Unions and the carbon price: trying to sell the unsaleable

“If one job is lost, our support is gone.” This was the condition placed on a carbon tax by right-wing Labor heavyweight and Australian Workers’ Union (AWU) Secretary Paul Howes in April.

Consecutive union leaders have backed up Howes’ position. The national secretary of the Australian Manufacturing Workers Union (AMWU) Dave Oliver told national radio that his members acknowledge climate change, but are worried about how Labor will ensure jobs aren’t lost through the carbon price. He said that Labor needs “schemes to attract the investment for the new jobs”.

Even the Australian Council of Trade Unions (ACTU), who has backed Labor’s carbon price plans since the failed CPRS, are calling for a “national jobs plan”.

Ged Kearney, ACTU national secretary, speaking at the Climate Summit, told attendees that union leaders are having trouble selling the carbon price to their members.

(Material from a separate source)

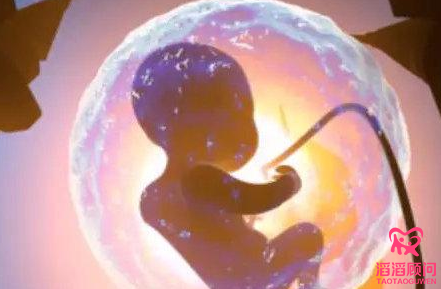 俄羅斯試管嬰兒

Interestingly, Kearney said the unions’ ideal position is “another Snowy Mountains scheme” where the government “just builds the renewable energy”. It shows the unions have been pulled into supporting the carbon tax so far not out of a conviction the scheme will work, but out of a resignation that a carbon tax is all that’s possible.

Backlash

But Labor’s carbon tax is now haemorrhaging support in the polls because of fears that it will hit household budgets. A Nielsen poll found 56 per cent were opposed to the introduction of a carbon price and 35 per cent supported it. This is in contrast to a March poll that showed 44 per cent opposed a carbon price and 46 per cent supported it.

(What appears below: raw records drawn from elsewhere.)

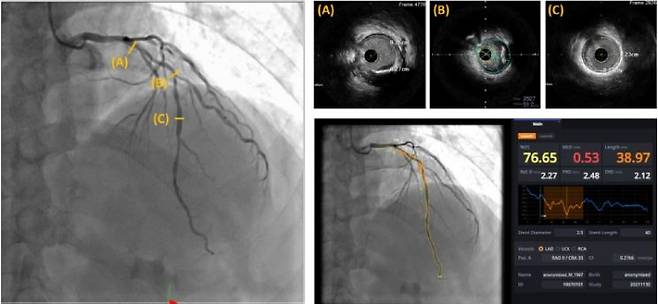 심혈관 조영술 영상(왼쪽) 영상을 바탕으로 인공지능이 각 부위(A~C) 병변의 길이 등을 분석해서 표시(오른쪽 아래)하고 있다.[자료제공=분당서울대병원]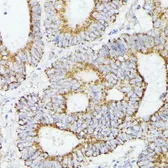 Anti-STAT1 antibody used in IHC (Paraffin sections) (IHC-P). GTX64344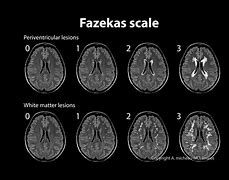 Image result for Fazekas Scale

These polls coincide with the release of Treasury documents that calculated the cost impact on household bills as between $600 to $800 a year under Labor’s carbon price.

It’s not surprising that union members do not trust Gillard’s comment that “millions of Australians will be better off” under carbon price compensation arrangements.

As Industrial Relations Minister, Gillard made of point of staring down the education unions over MySchool and accepted the decision for a one-year freeze on the minimum wage. Her FairWork law left 90 per cent of WorkChoices in tact. Construction workers still have less rights than other workers because of the Australian Building and Construction Commission (ABCC).

And as many union members would be all too aware, market schemes like a carbon tax are incapable of providing any certainty of job security. It leaves the initiative in the hands of the polluting companies, who are all too happy to ride roughshod over workers’ rights.

The unions have found themselves defending a policy that’s not in the interests of their members. This has driven the recent criticisms.

Paul Howes and some other union leaders that cover workers in polluting industries have been pulled into supporting big business’s calls for assistance for industry, and exemption for the steel industry, as a way to save jobs.

But there is an alternative to protecting the profits of the multinationals that do their best to undermine wages and conditions on the job. Unions and the climate movement could campaign for a government renewable energy scheme where every worker’s job is protected. If the ACTU was prepared to push such a scheme, rather than back Labor’s carbon price, it could help win back support for climate action.

Similarly, the climate movement could find ways to agitate inside the union movement to win support for renewable energy. Unionists in Melbourne are trying to win union support for the Beyond Zero Emissions (BZE) plan.

Initiatives like this can bring activists and trade unionists together in their common cause against the polluting multinationals—and help undermine Abbott’s rhetoric about living standards.

The recent comments from union leaders demonstrate the potential audience for a progressive climate policy that makes the rich, not the working class, pay.